Alek Wek, recently revealed in her self entitled biography, Alek, just hot off the printing press, her views on a coffee ad for the Italian brand Lavazza. During a photo shoot the black beauty posed nude in a “gigantic white espresso cup bigger than a car . . . My skin was to be the espresso. I can’t help but compare them to all the images of black people that have been used in marketing over the decades. There was the big-lipped jungle-dweller on the blackamoor ceramic mugs sold in the ’40s; the golliwog badges given away with jam; Little Black Sambo, who decorated the walls of an American restaurant chain in the 1960s; and Uncle Ben, whose apparently benign image still sells rice.” Lavazza CEO Ennio Ranaboldo told Page Six: “A great artist photographer, Albert Watson. A great model, Alek Wek. A great calendar. That’s all there’s to say.”
Naomi has appeared on a total of 8 Vogue covers; Linda Evangelista appeared on 13 and Gisele Bundchen 12. Kate the most featured model appeared on 24 covers. Some may feel Naomi’s complaints are petty and unfounded, complaining about the lack of covers she appears on, when the average person is faced with bills, mortgages, debts – real problems. Obviously her argument goes above and beyond knit picking over magazine covers, but it’s hard to sympathise with a ‘struggling model’ that is in no way struggling to make a living.
Anya James, a black model from London and a featured contestant on the reality show, Make me a Supermodel, said racism is ripe in the fashion industry. "From my experience as a black model, I have to work 10 times as hard. For example, at castings, I make sure I look 110 per cent and that I'm on my best form. You hardly ever see a black model in the public eye, but no-one seems to be speaking up about this imbalance," reported The Independent.

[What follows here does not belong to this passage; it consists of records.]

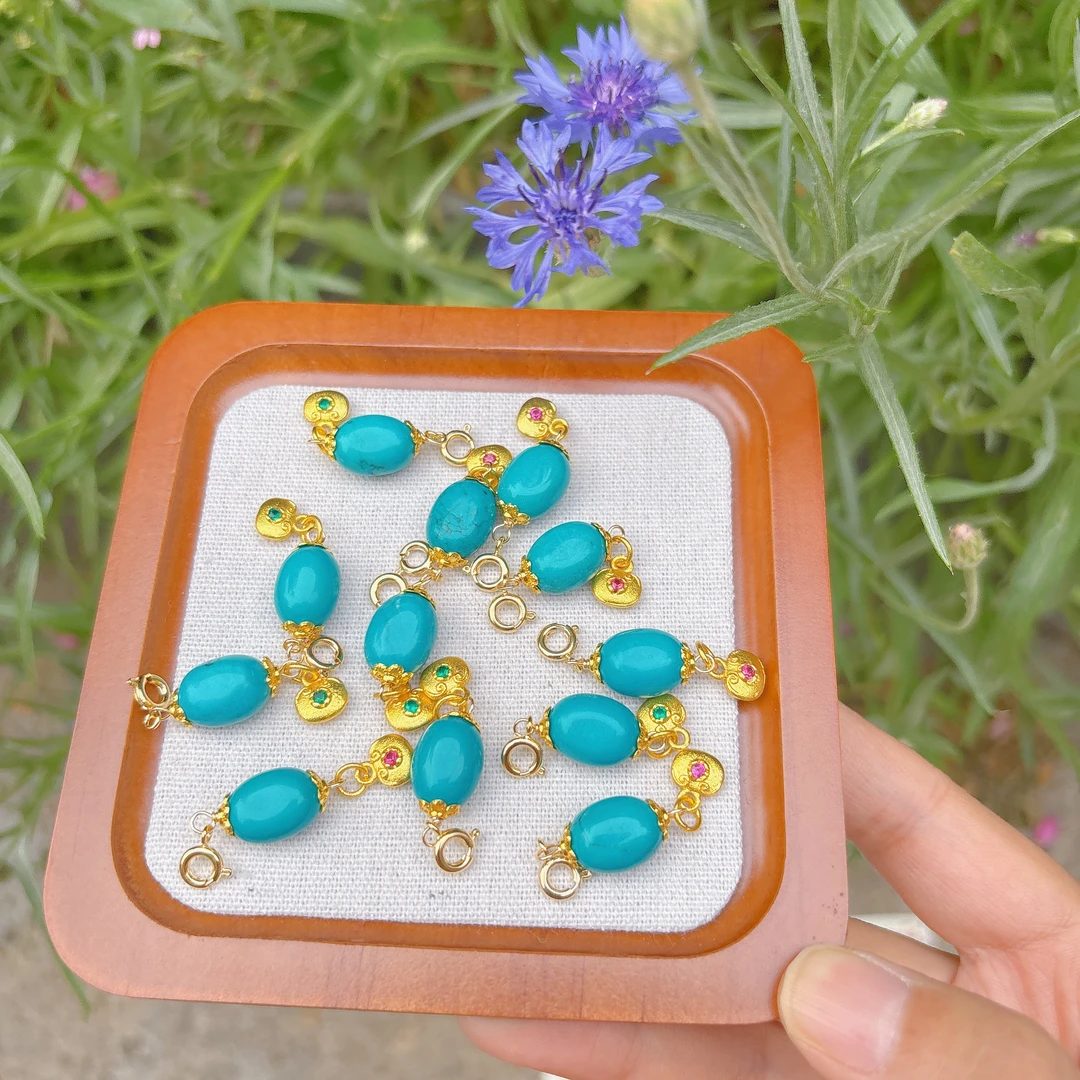 原创菱镁矿随形珠小滴溜diy手链项链提溜万能扣挂件吊坠文玩配饰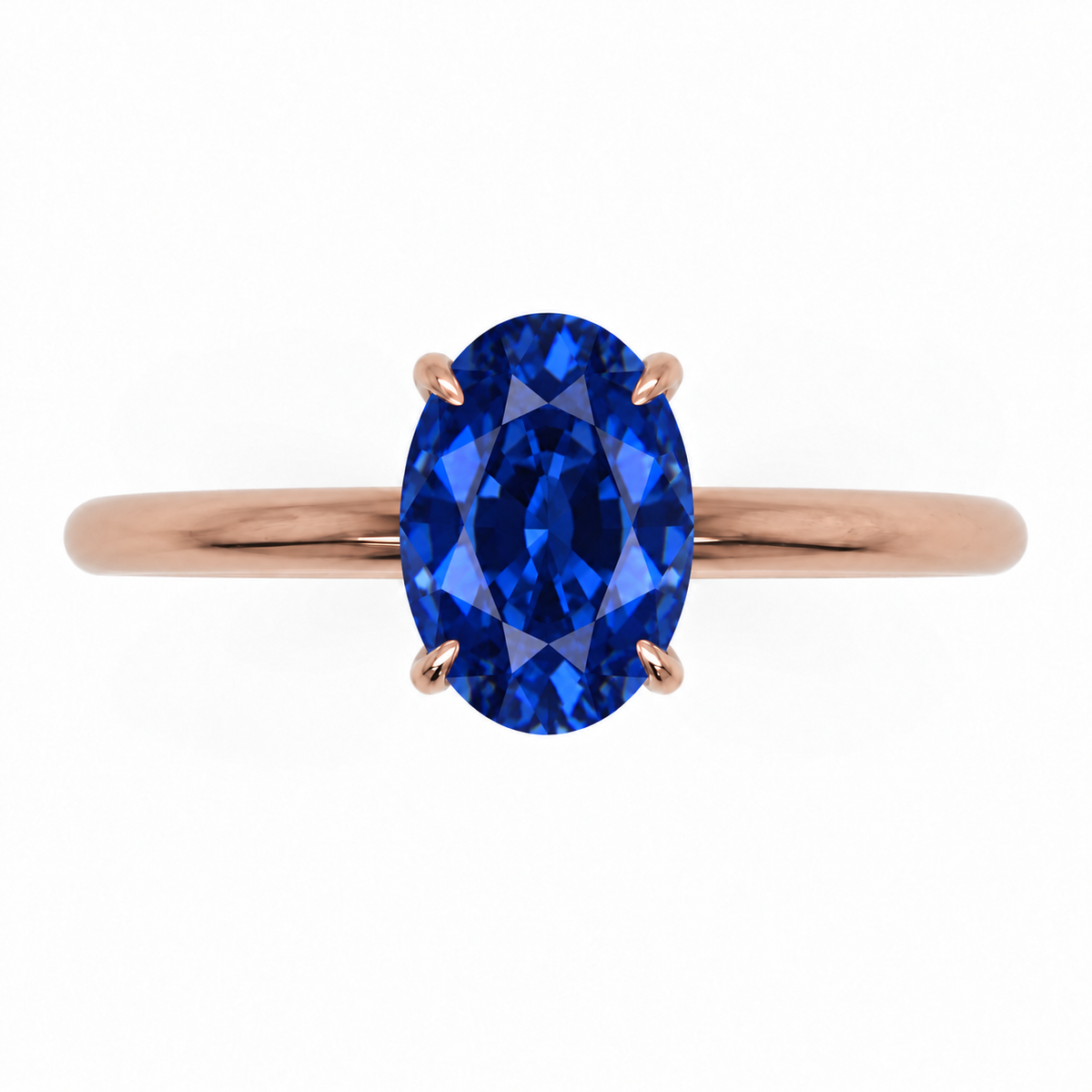 Inel de Logodnă Kensington din Aur 18k cu Safir Creat în Laborator Oval 8x6 mm și Diamante Create în Laborator din 18k Aur Roz - Castelo.ro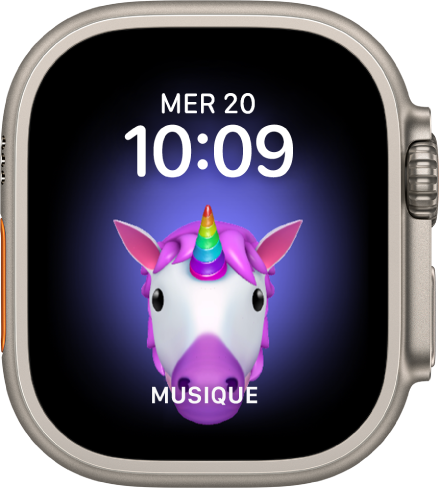 Le cadran Memoji, sur lequel vous pouvez régler le personnage Memoji et une complication dans le bas. Touchez l’écran pour animer le Memoji. La date et l’heure se situent en haut et la complication Musique en bas.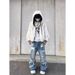 Men's Washed Ripped And Distressed Slightly Flared Jeans Casual High Street Trendy Floor Length Trousers_mkmklike.com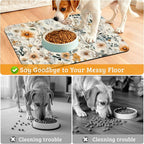 Vintage Flowers Dog Cat Food Mat, Herbs Absorbent Waterproof Placemat - Image 4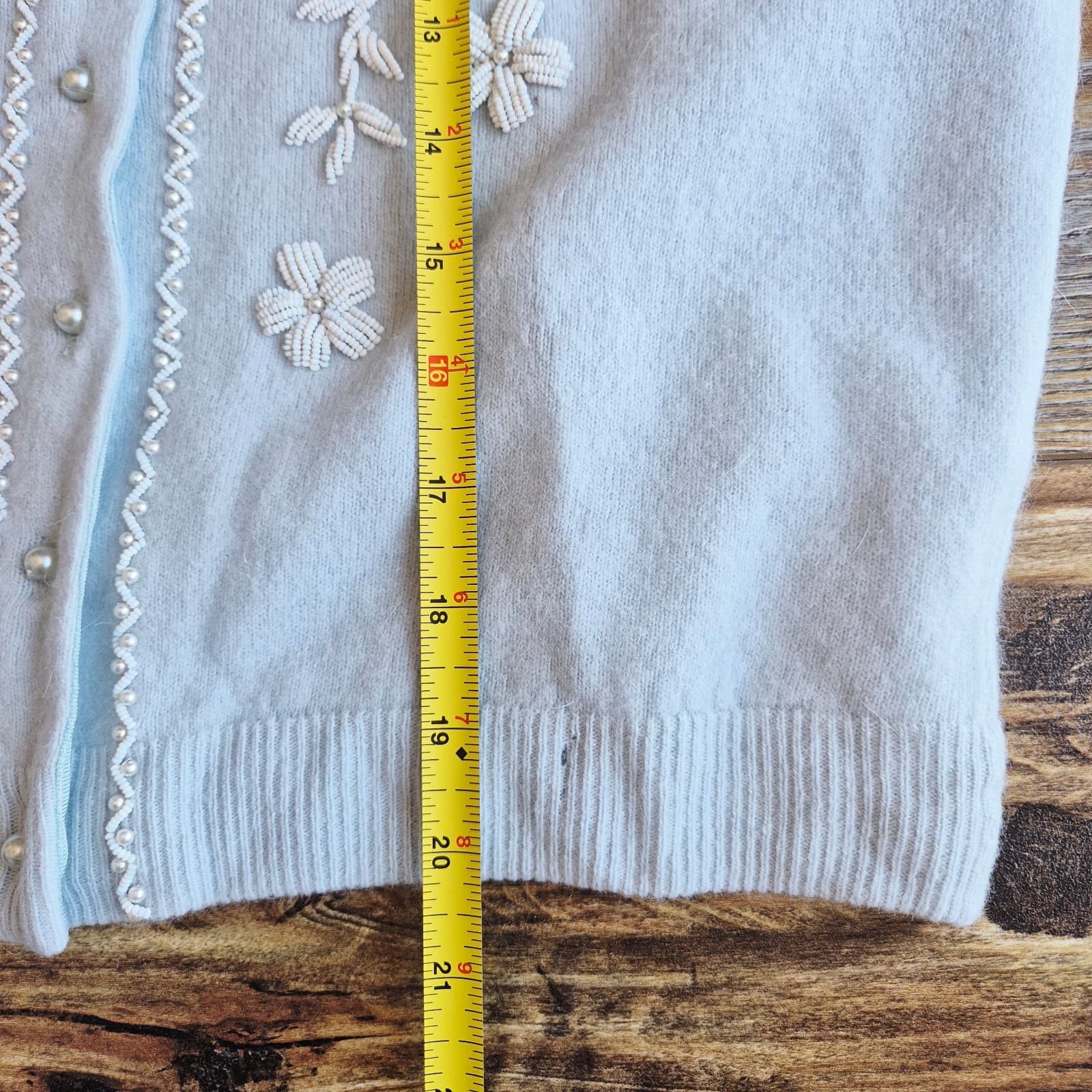 Vintage Stephen Chu Beaded Pearl Rabbit Hair Lamswool Cardigan Lined Blue Sz.38 - Thumbnail 16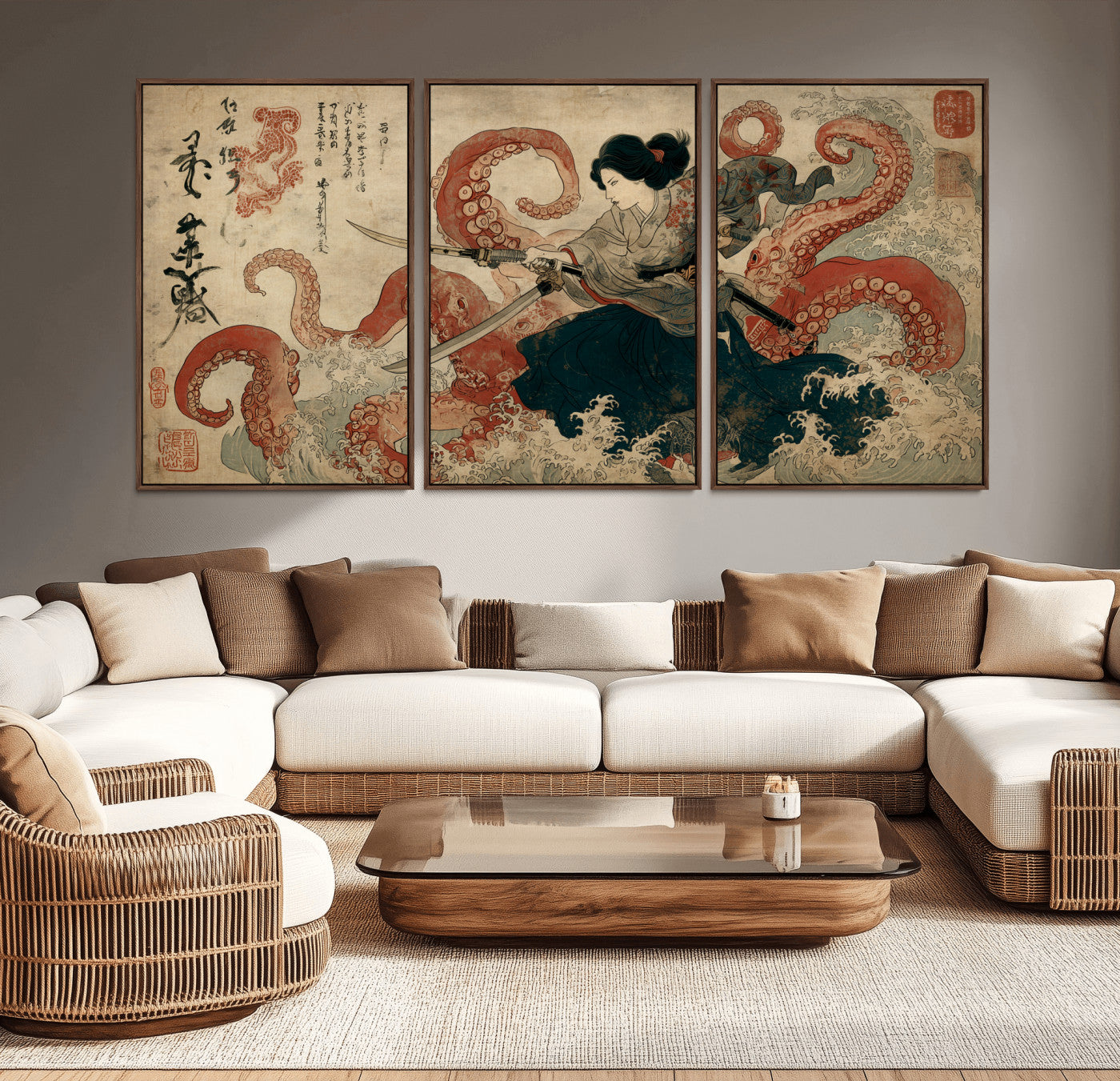Tsukioka Yoshitoshi Samurai Wall Art Print, Japanese Katana Warrior Canvas Wall Art, Octopus Sea Monster Canvas Print,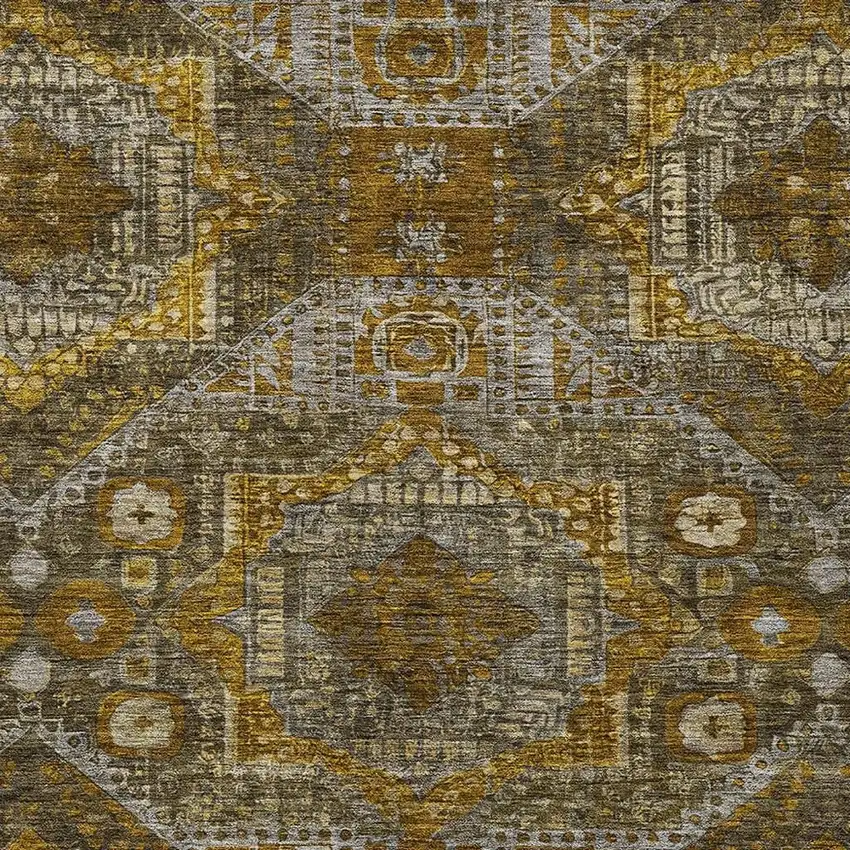 Brown Beige And Copper Moroccan Washable Indoor Outdoor Area Rug Photo 3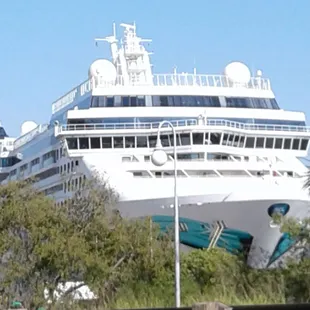 Cruise ship docked across the River walk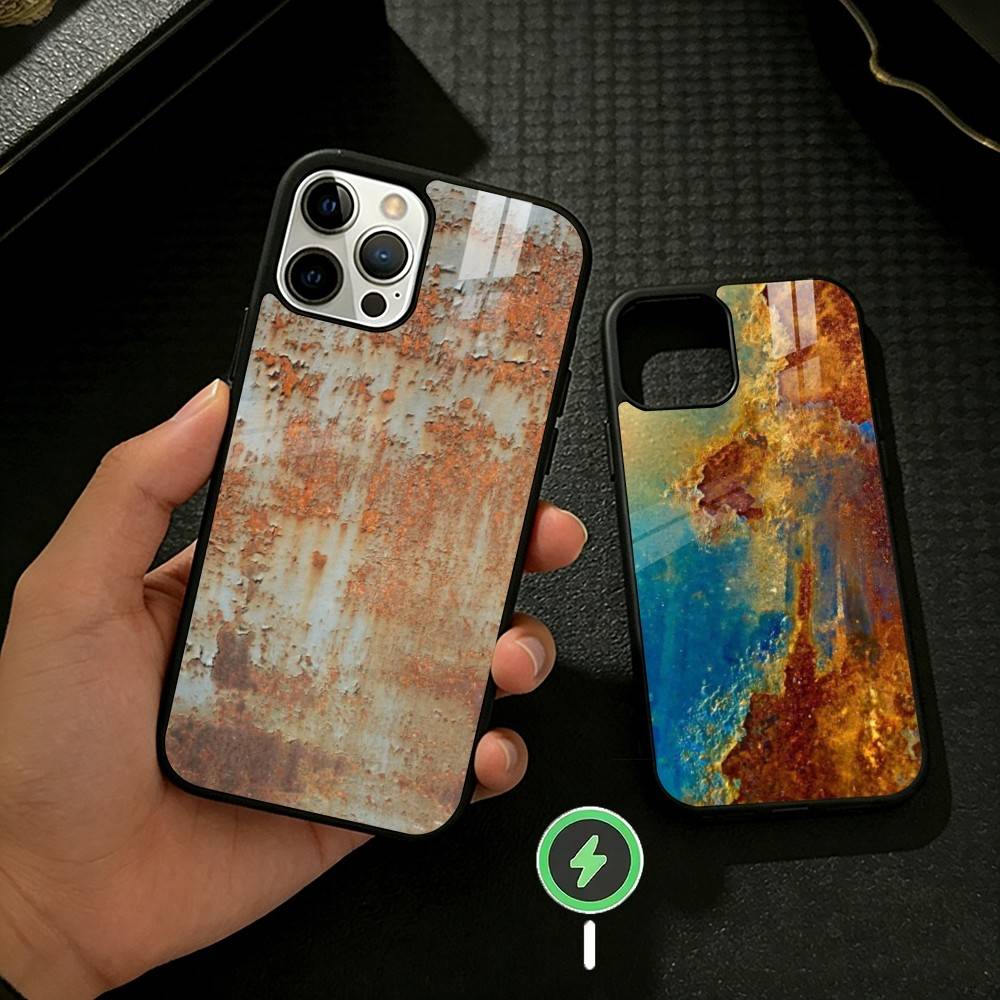 Ретро-индустриальный стиль Ржавые стены Чехол для телефона Для iPhone 17,16,15,14,13,12,Plus,Pro,Max Для магнитной беспроводной зарядки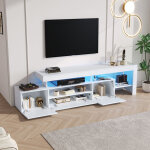 Modfu - meuble tv led, blanc brillant, pour t�l�viseur 85 pouces, 2 portes pliantes, meuble de salon, ...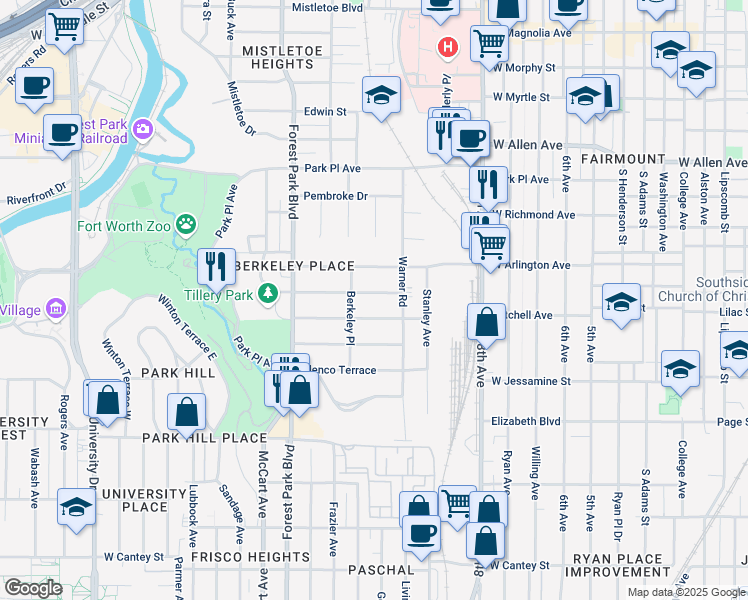 map of restaurants, bars, coffee shops, grocery stores, and more near 2025 Huntington Ln in Fort Worth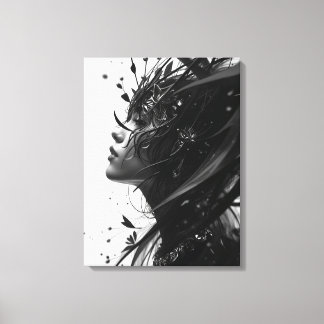 Lienzo Black & White Fantasy Woman Portrait – Elegant Abs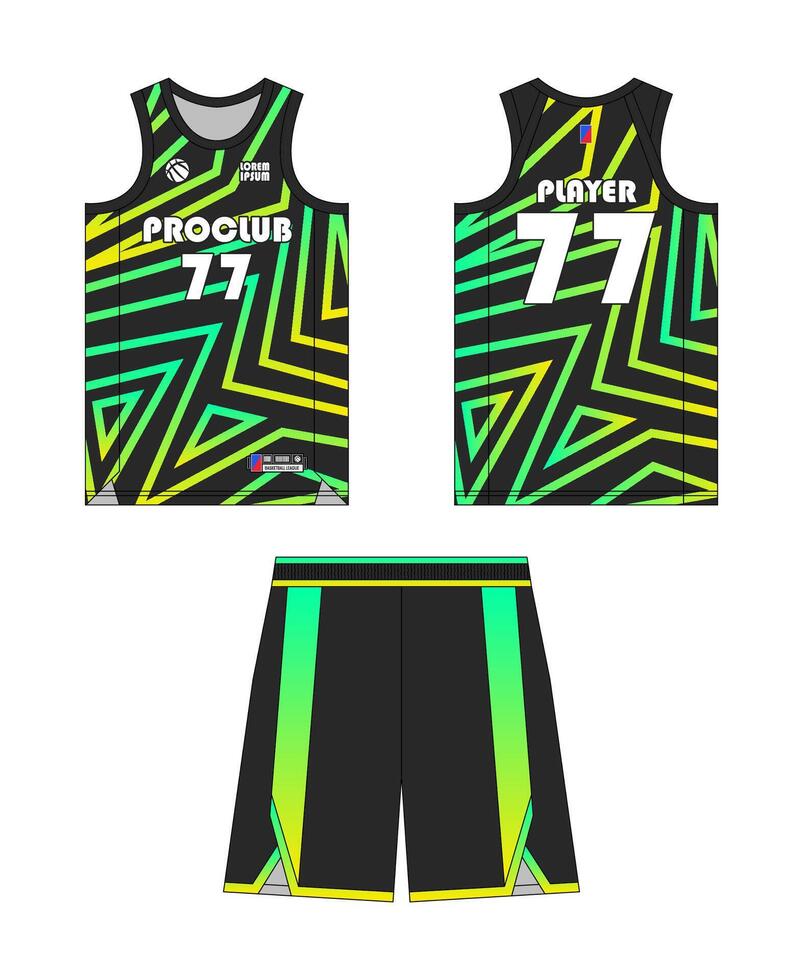 Jersey Basketball Vorlage Design. Basketball Uniform Attrappe, Lehrmodell, Simulation Design. Konzept Design Basketball Jersey. vektor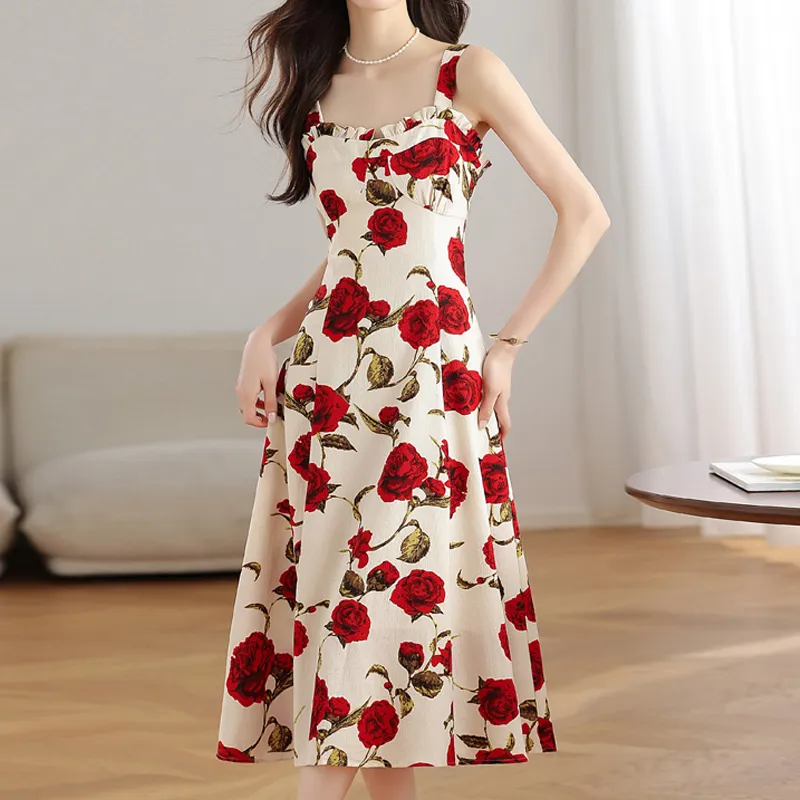 AFGGD Slip Dress Women's Rose Floral-2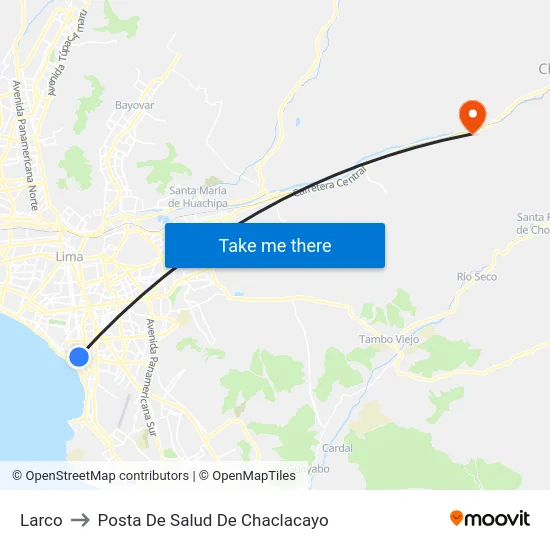 Vivanda Benavides / Atlantic City to Posta De Salud De Chaclacayo map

Certain publications have reported on their selection process, stating that an average fashion magazine has one black cover per year, which is in no way racist, but rather balances out their target demographic. The results of the 2001 UK Census revealed in its ethnic composition that the prominent ethic group is 92.2 per cent white, while 2 per cent of the British population is black, 1.2 percent is mixed race and the remaining ethnic groups such as Asians, Indians and Pakistani’s make up the remaining 5.8 per cent. Bearing theses statistics in mind one black cover per year more than covers its demographic.